Évolet meditó en silencio unos instantes tratando de digerir aquella información.
—¿Si me caso con este ser, podré conquistar el mundo? —preguntó aún algo reticente.
—Y no solo eso, Emperatriz —prosiguió Van Bakari haciendo su mejor papel de vendedor de elixires—. Si contrajerais nupcias con Rodrigo, vuestros vástagos dominarían el mundo entero para siempre y ¡por derecho!
—Hija, tendremos una hija, ya lo he decidido —dijo la emperatriz como si ya visualizara el futuro— Los niños no dan más que problemas.
—En tal caso, vuestra hija será la indiscutible Emperatriz de los Dos Mundos —resumió Van Bakari abriendo los brazos triunfante.

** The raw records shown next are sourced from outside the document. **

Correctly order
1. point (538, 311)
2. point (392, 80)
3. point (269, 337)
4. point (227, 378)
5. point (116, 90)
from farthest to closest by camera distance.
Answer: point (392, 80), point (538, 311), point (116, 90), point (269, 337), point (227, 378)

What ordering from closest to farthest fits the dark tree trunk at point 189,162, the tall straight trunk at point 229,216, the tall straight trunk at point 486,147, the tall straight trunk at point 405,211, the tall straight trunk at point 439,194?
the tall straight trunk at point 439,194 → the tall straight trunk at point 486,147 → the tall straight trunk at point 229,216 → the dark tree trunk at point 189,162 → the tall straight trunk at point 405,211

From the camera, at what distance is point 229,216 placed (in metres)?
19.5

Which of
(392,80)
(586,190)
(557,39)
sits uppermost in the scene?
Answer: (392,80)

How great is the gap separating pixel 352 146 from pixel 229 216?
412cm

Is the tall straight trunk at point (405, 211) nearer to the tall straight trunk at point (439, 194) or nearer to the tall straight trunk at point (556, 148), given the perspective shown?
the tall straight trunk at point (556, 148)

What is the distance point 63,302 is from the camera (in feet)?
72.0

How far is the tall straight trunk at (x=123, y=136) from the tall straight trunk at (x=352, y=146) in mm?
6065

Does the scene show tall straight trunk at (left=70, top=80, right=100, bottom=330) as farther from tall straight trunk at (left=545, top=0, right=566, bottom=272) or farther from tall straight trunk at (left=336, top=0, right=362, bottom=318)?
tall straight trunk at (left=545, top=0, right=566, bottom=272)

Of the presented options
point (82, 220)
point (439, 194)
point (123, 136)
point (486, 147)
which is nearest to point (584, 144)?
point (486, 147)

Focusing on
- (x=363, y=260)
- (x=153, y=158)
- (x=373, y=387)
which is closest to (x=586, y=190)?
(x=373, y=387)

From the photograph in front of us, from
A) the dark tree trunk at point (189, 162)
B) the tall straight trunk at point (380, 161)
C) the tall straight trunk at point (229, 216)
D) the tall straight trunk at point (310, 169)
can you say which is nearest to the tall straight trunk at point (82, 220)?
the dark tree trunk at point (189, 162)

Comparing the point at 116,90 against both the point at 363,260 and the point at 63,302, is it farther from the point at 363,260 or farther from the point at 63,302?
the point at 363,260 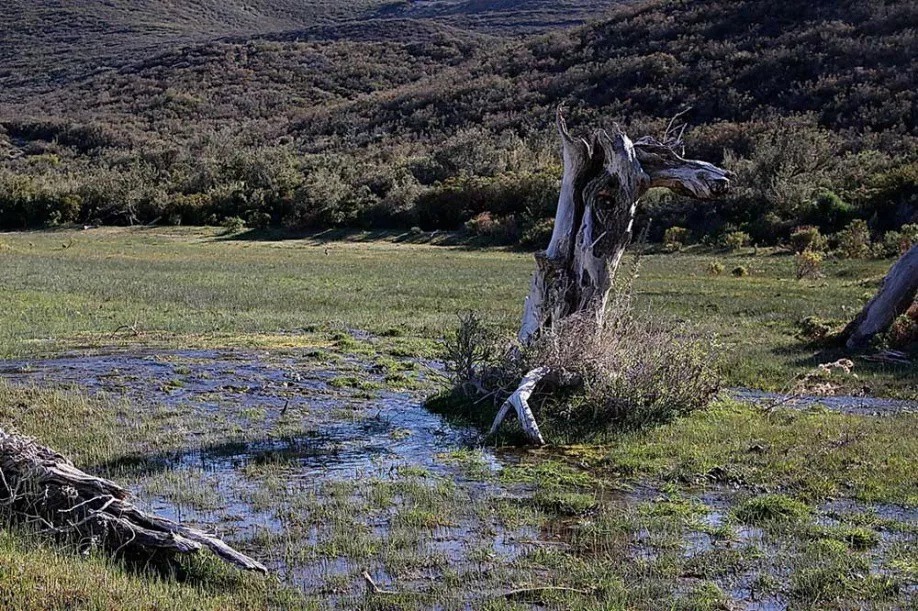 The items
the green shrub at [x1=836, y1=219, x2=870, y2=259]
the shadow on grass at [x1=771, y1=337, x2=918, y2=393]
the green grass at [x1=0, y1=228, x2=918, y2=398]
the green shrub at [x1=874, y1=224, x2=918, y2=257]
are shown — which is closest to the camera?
the shadow on grass at [x1=771, y1=337, x2=918, y2=393]

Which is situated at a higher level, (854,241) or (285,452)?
(854,241)

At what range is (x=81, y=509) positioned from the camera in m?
7.62

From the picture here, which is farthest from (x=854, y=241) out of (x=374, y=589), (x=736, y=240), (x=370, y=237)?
(x=374, y=589)

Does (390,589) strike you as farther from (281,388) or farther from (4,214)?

—El título me gusta y el plan es retorcido, rimbombante y requiere una enorme cadena de acontecimientos para llevarlo a cabo —observó sopesando el plan—. En definitiva, me gusta. Me entretendrá los próximos lustros. Pero déjame decirte algo, mi querido pelele real —añadió dirigiéndose a Rodrigo IV, su nuevo prometido.

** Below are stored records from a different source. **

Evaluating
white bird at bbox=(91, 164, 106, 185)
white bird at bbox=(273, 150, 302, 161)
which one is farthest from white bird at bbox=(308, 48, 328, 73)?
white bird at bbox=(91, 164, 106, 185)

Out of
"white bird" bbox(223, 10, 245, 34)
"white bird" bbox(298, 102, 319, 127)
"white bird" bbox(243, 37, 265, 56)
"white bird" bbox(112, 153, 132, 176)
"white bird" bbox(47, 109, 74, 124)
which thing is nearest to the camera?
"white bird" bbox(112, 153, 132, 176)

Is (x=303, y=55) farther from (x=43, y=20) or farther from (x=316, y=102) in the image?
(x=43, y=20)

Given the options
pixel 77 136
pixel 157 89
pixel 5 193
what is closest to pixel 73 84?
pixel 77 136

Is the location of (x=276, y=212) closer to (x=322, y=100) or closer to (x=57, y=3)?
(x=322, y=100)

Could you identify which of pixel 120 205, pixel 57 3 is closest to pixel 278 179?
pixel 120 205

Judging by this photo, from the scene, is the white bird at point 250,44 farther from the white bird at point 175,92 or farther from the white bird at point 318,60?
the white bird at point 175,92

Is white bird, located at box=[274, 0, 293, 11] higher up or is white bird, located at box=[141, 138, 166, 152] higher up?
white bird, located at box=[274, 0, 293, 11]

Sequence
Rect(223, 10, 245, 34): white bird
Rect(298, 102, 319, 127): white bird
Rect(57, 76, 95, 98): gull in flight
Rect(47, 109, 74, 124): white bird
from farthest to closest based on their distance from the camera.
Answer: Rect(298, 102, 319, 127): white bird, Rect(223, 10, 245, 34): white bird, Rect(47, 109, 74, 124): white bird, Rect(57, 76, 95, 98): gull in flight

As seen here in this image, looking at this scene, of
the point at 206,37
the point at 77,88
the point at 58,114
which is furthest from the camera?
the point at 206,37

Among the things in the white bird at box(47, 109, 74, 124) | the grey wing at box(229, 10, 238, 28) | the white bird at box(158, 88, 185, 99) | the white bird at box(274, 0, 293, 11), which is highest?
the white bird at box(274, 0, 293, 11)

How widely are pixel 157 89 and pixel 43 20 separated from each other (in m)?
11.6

—¿Sí, Emperatriz? —se aprestó él a preguntar solícito.
—Eres un pelele, serás un pelele y, si algún día pretendes dejar de serlo, morirás como un pelele. ¿Entiendes? —le advirtió Évolet en tono suave pero amenazante—. Solo vivirás aquí porque me sirves a mí, y tu forma de servirme será ser mi consorte, pero no olvides dónde está tu sitio.
—No lo olvidaré, poderosa emperatriz —convino Rodrigo haciendo una pomposa reverencia—. Me hacéis un gran honor y estoy satisfecho solo con saber que casándome con vos hago un servicio a vuestra causa.
—No solo a la suya —susurró Van Bakari para sus adentros mientras se frotaba las manos.